でもあたしは今、悠に抱きしめられている。
長い沈黙を破った悠の一言。
「俺を好きになれよ……」
え?
「ゅ、悠?」
「俺は…山本のこと好きだよ。…ずっと好きだったよ」
「嘘……」
「嘘じゃない。俺ずっと山本のこと見てきた。だから…山本の好きなヤツぐらい分かる。
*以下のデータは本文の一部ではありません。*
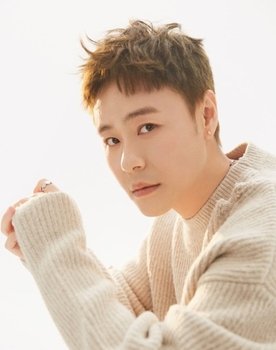 Liu Rui as Wang Feng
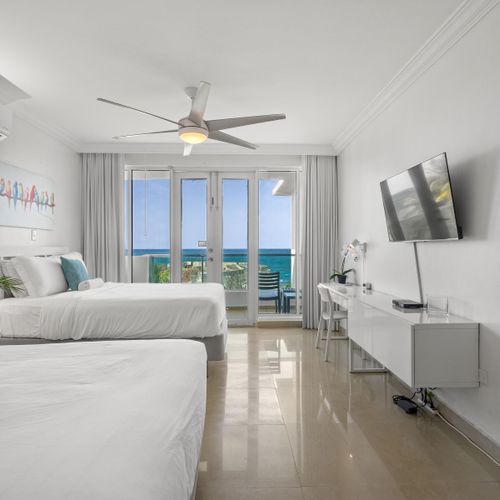 Roomy coziness and fantastic ocean vistas are the hallmarks of this delightful studio.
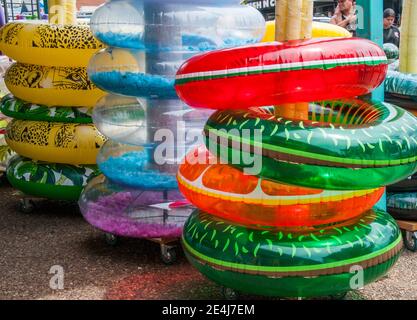 Colorato kitsch vacanza al mare in vendita a Cowes, Phillip Island, Victoria, Australia Foto Stock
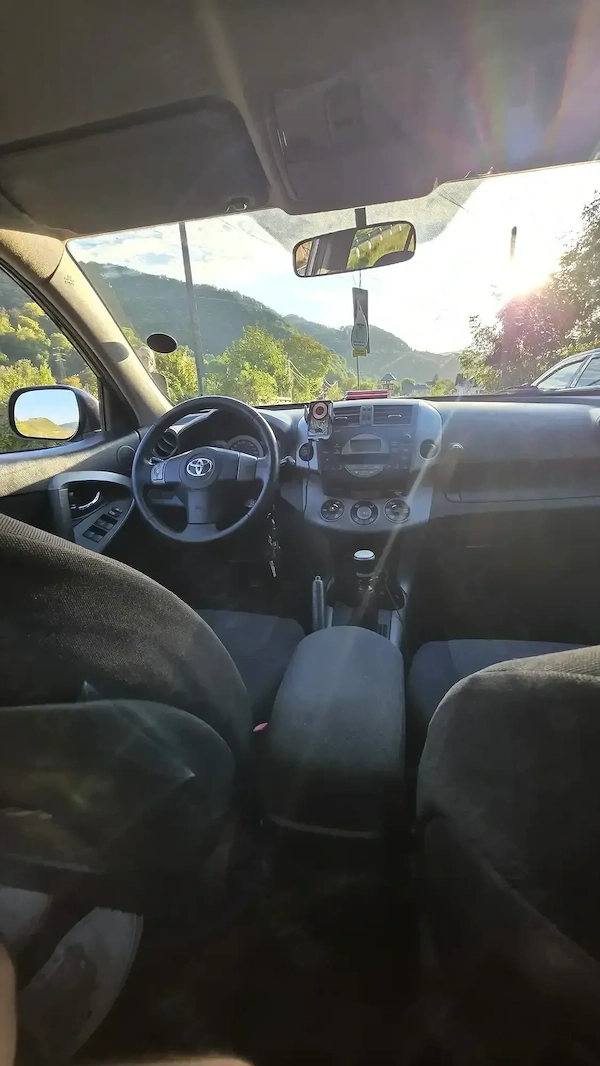 TOYOTA RAV4 2009 — imagine 8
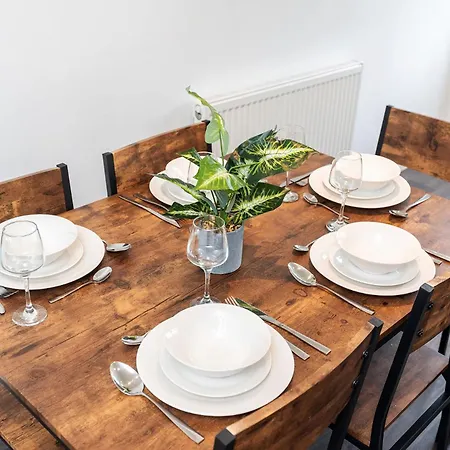 Apartment Delightful House With Garden Sherburn in Elmet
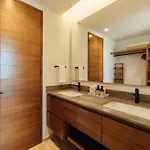 Elegant Duplex With Rooftop Jacuzzi In *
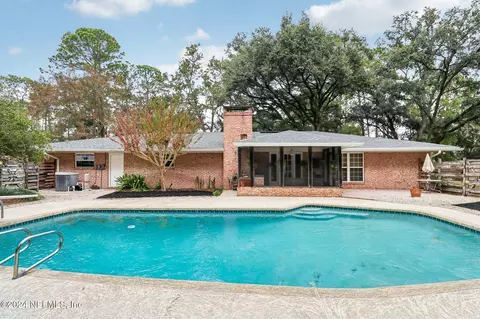 612 Pine Forest Dr, Fleming Island, FL 32003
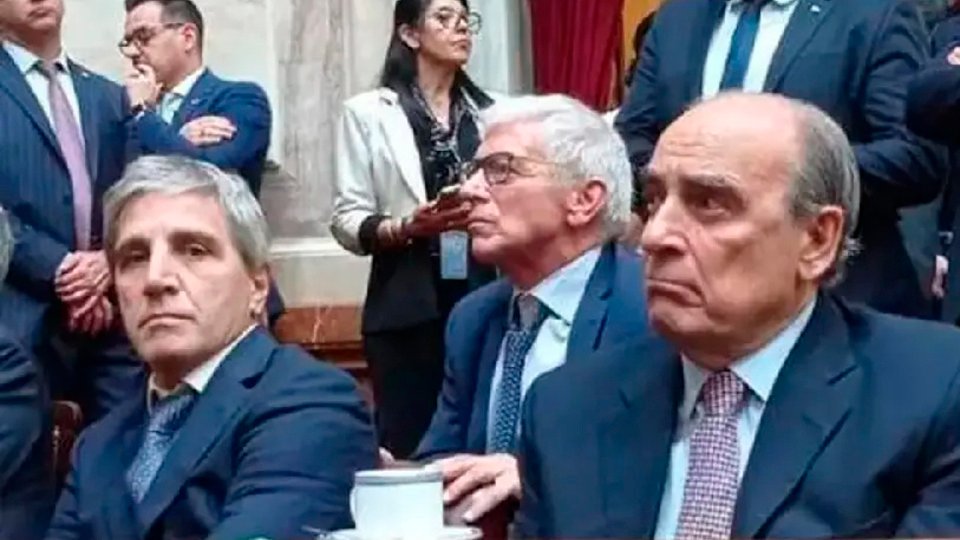 Criptogate: la oposición busca adecuar el reglamento para interpelar a Guillermo Francos y Cúneo Libarona | Los principales cambios y el faltazo previsto por Toto Caputo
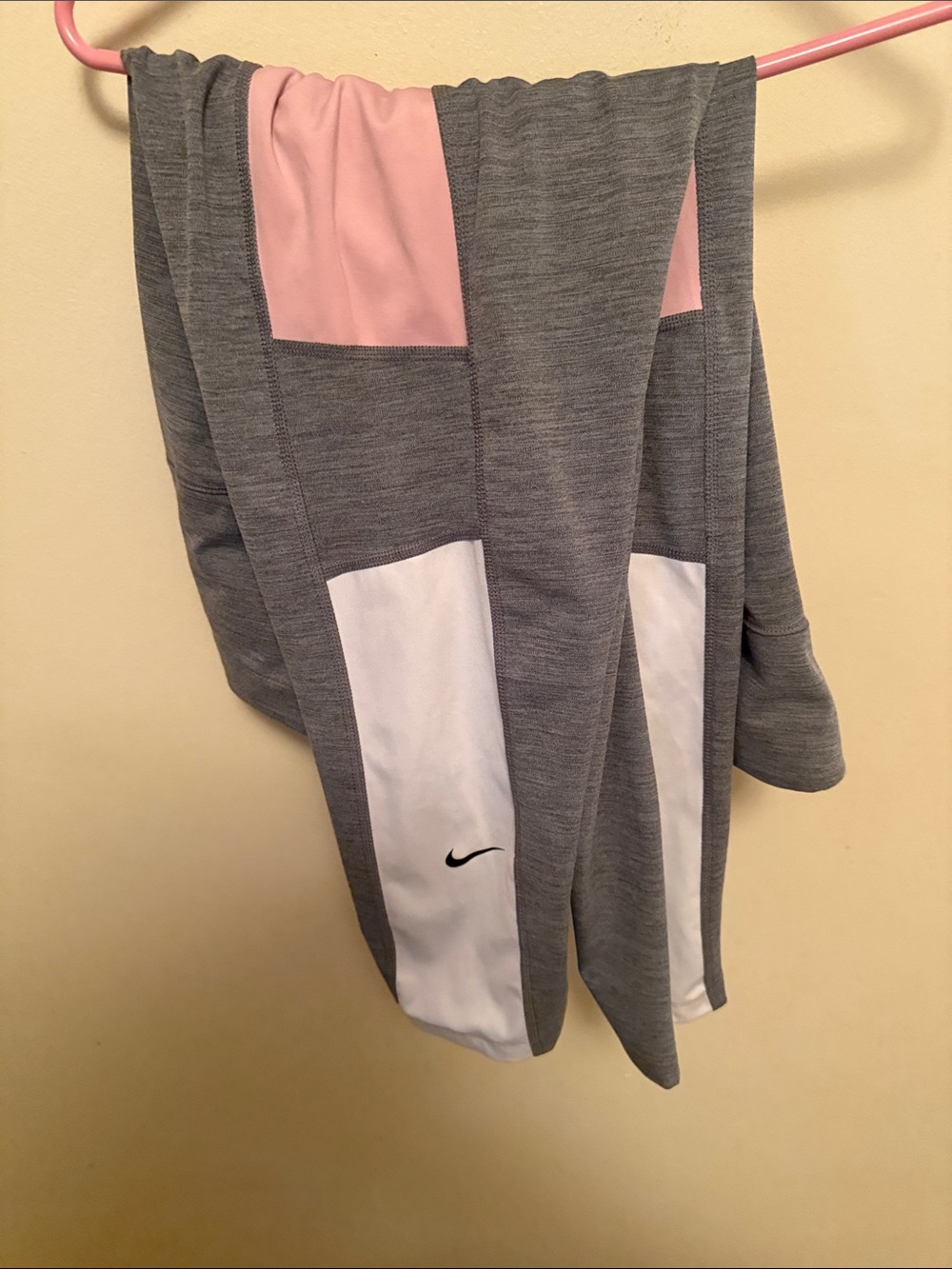 Nike Women’s Gray Jacket with Pink & White Colorblocks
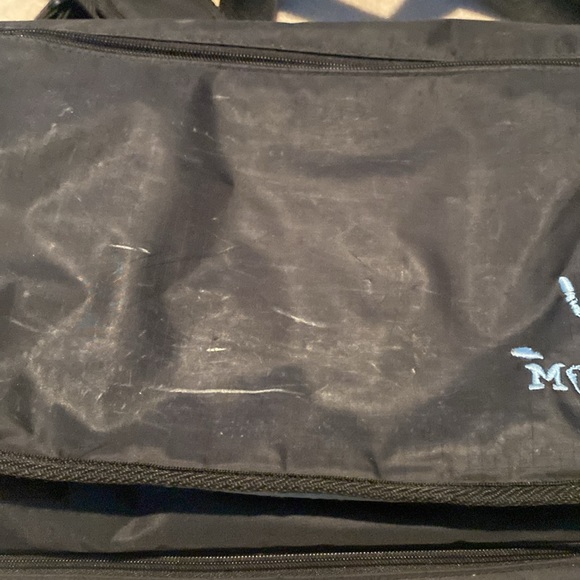 Mudd Vintage Messenger Bag. well-loved - Picture 3 of 12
だけどそいつには彼女がいるじゃんか……」
悠はあたしに好きな人がいることを知ってて、あたしを好きになってくれたんだね…。
悠の気持ちはすごく嬉しいよ……。
だけど……
だけどね……
「ぅん…ありがと……だけどあたしは……」
「言わなくていいから……」
「ぇ……?」
「山本の気持ち分かってて俺も告白したし、俺諦めるつもりないから……」
でも傷つくのは悠だよ……?
「この一週間山本に俺のいいとこばっか見せて絶対惚れさせてやるから、だからちゃんとした返事は体育祭の日に言ってくんない?」
悠はそれでいいの……?
「ねっ?」
そんな笑顔で言われると駄目だよって言いづらいよ…。
「分かったよ……」
そう言ったら悠はスッゴい笑顔で
「よっしゃっ!!」
って言った。
体育祭まで残り4日間。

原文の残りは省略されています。